Circuit Breaker: Stop the Bleeding
When the auth server goes down, naive retry logic creates a thundering herd. Every failed refresh triggers another attempt, which fails, which triggers another attempt. In a mobile app with background refresh, this drains battery and floods the server the moment it recovers.

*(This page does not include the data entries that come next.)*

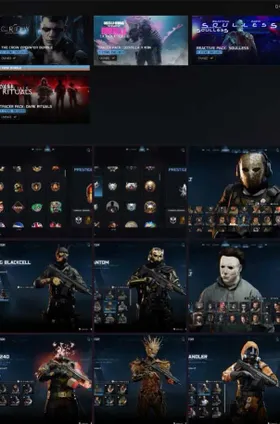 Mw2 800 | MW3 1200 LEVEL | x4 Bundles | Mike Myers | Rebirth Nuke Skin + Meltdown 24 Nuke Skin | Godzilla | Soulless | Some Battlepass | Snopp Dog Blackcell | Atom Blackcell
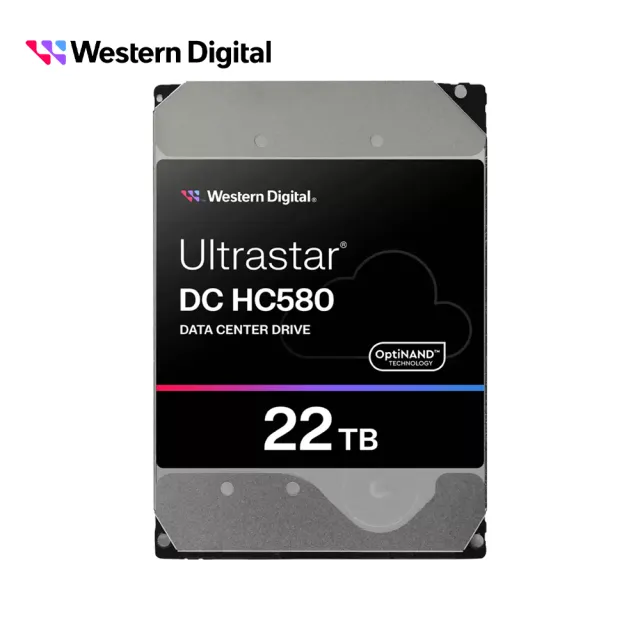 【WD 威騰】Ultrastar DC HC580 22TB 3.5吋企業級硬碟(0F62785)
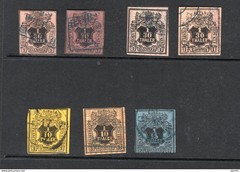 Germany Hanover 1851+ 7 stamps CV $360 See description Used 17143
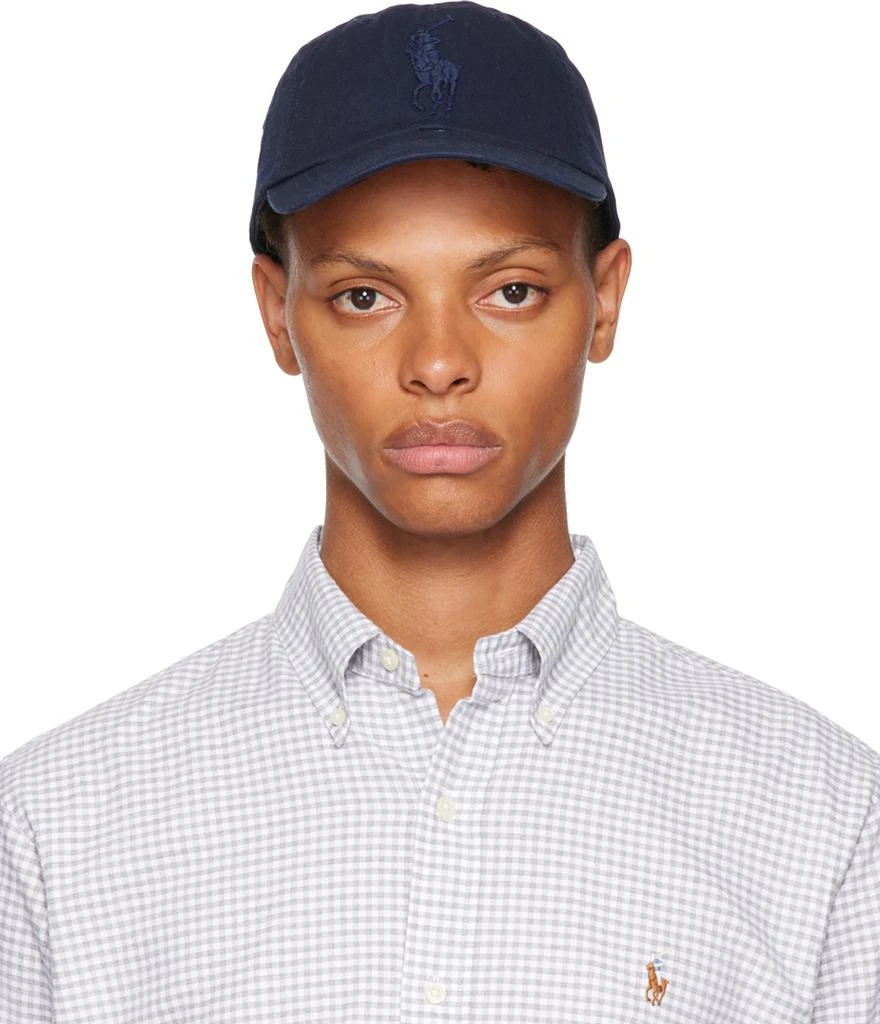 商品Ralph Lauren|Navy Big Pony Chino Ball Cap,价格¥220,第1张图片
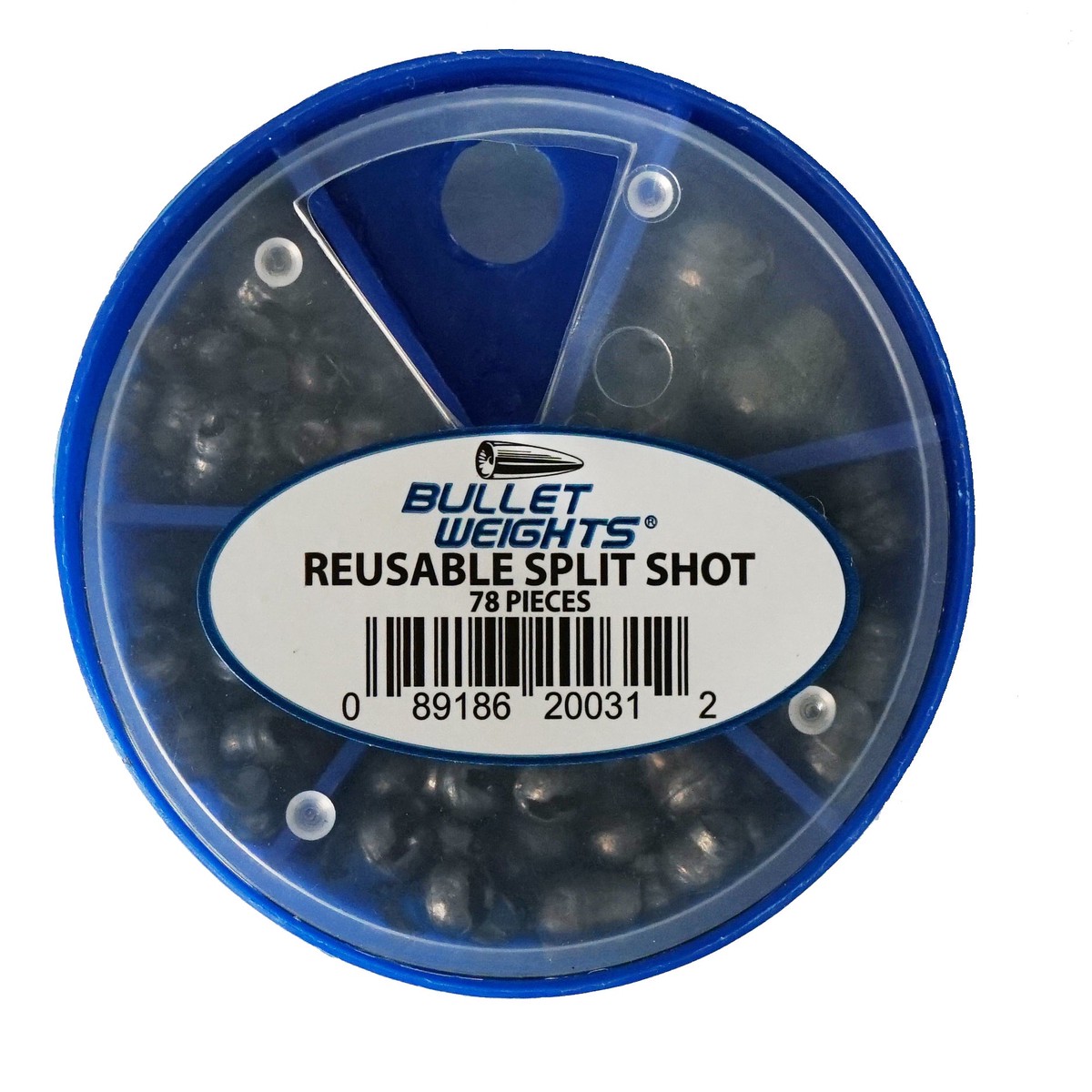 Bullet Weights Reusable Split Shot Selector 78 pc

typescriptclass TokenManager {
// ...
private canAttemptRefresh(): boolean {
const { state, failures, lastFailure } = this.circuitBreaker;
switch (state) {
case 'closed':
return true;
case 'open': {
const timeSinceLastFailure = Date.now() - lastFailure;
if (timeSinceLastFailure > CIRCUIT_BREAKER_RESET) {
// Transition to half-open: allow one attempt
this.circuitBreaker.state = 'half-open';
return true;
}
return false;
}
case 'half-open':
// Only one request allowed in half-open state
// The refreshWithDedup method ensures this via the mutex
return true;
default:
return false;
}
}
private recordSuccess(): void {
this.circuitBreaker = {
failures: 0,
lastFailure: 0,
state: 'closed',
};
}
private recordFailure(): void {
this.circuitBreaker.failures += 1;
this.circuitBreaker.lastFailure = Date.now();
if (this.circuitBreaker.failures >= CIRCUIT_BREAKER_THRESHOLD) {
this.circuitBreaker.state = 'open';
}
}
}
The states work like a real electrical circuit breaker. Closed means normal operation — requests flow through. After three consecutive failures, the breaker opens and blocks all refresh attempts for 30 seconds. After the cooldown, it enters half-open state, allowing a single test request. If that succeeds, the breaker closes. If it fails, it opens again.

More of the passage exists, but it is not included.